This paper reports a narrow Fano resonance of 3D nanocrescent and its application in the label-free detection of single molecules. The Fano resonance depends not only on the gap size but also on the height. The Fano resonance originates from the interference between the quadrupolar mode supported by the horizontal crescent and the dipolar mode along the nanotip. When the height of 3D nanocrescent is 30 nm, the width of Fano resonance is as narrow as 10 nm.

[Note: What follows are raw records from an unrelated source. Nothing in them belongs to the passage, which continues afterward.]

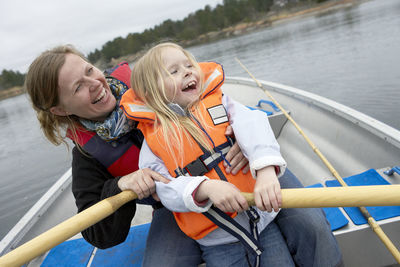 Girl with mother kayaking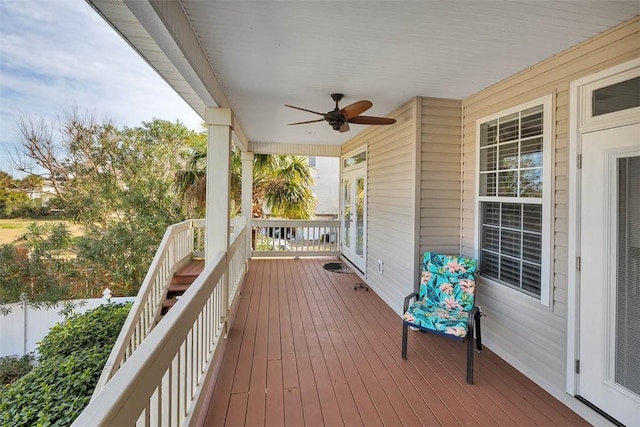 wooden terrace with ceiling fan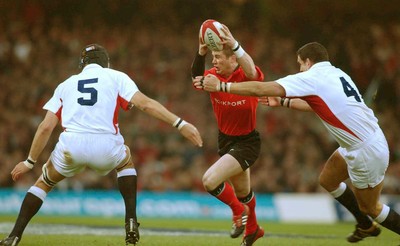 220203 - Wales v England - Six Nations Championship - Wales' Ceri Sweeney is tackled by Martin Johnson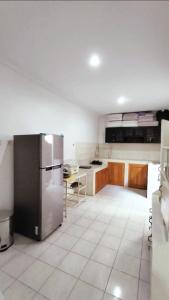 a kitchen with a stainless steel refrigerator and wooden cabinets at Kamiliya Homestay in Ngabean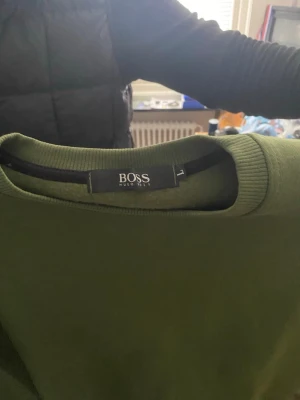 Olivgrön stickad tröja från BOSS - Snygg olivgrön stickad tröja från BOSS med rund halsringning och ribbade muddar vid ärmslut och nederkant. Tröjan har en minimalistisk design och en liten BOSS-logga nertill. Perfekt för dig som gillar stilrena plagg. Aldrig använd.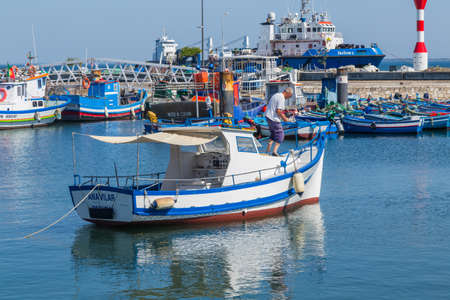 View of the small fishing port of Setubal with its typical blue boats on a summer day. Setubal, Portugalのeditorial素材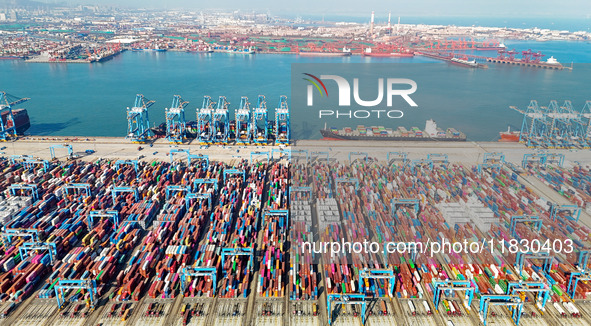 Several freighters load and unload cargo at the fully automated terminal of Qingdao Port in Qingdao, China, on December 3, 2024. 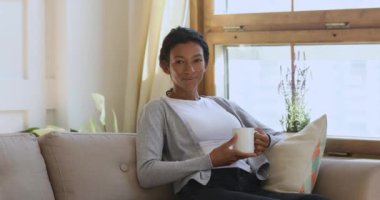 Happy young african american girl holding mug of hot coffee.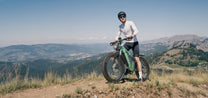 Uomo in piedi con la fat bike elettrica Duotts E26 su un prato in montagna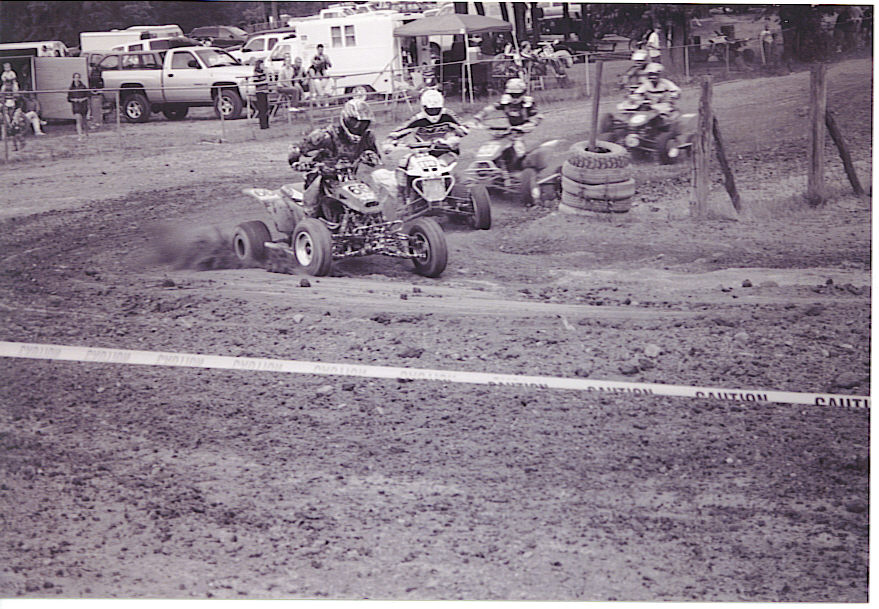 Quads racing on a dirt track, kicking up dust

The narrow linewidth is caused by the strong narrow resonant absorption coming from the dipolar mode of nanotip overlapping with the quadrupolar mode of nanocrescent, where the absorption spectra are calculated under a horizontal incident light. The narrow Fano resonance is highly sensitive to a single nanoparticle trapped by the nanocrescent. The wavelength shift increases linearly with the refractive index with the relation of Δλ = 22.10n − 28.80, and increases with the size of trapped nanoparticle following a relation of Δλ = 0.826 × r^1.672. These results indicate that if a protein nanoparticle with radius of 2.5 nm is trapped by the nanocrescent, the shift is as large as 4.03 nm.

中文翻译：

---

纳米新月窄法诺共振无标记检测单分子和单纳米粒子的理论研究

本文报道了3D纳米新月的窄Fano共振及其在单分子无标记检测中的应用。法诺共振不仅取决于间隙大小，还取决于高度。法诺共振起源于水平新月支持的四极模式与沿纳米尖端的偶极模式之间的干涉。当3D纳米月牙的高度为30 nm时，Fano共振的宽度窄至10 nm。窄线宽是由纳米尖端的偶极模式与纳米月牙的四极模式重叠产生的强窄共振吸收引起的，其中吸收光谱是在水平入射光下计算的。狭窄的法诺共振对纳米月牙捕获的单个纳米粒子高度敏感。波长偏移随着折射率线性增加，关系式为Δ λ = 22.10 n − 28.80，并且随着捕获的纳米颗粒的尺寸增加，关系式为Δ λ = 0.826 × r ^1.672。这些结果表明，如果半径为 2.5 nm 的蛋白质纳米颗粒被纳米新月捕获，则位移将高达 4.03 nm。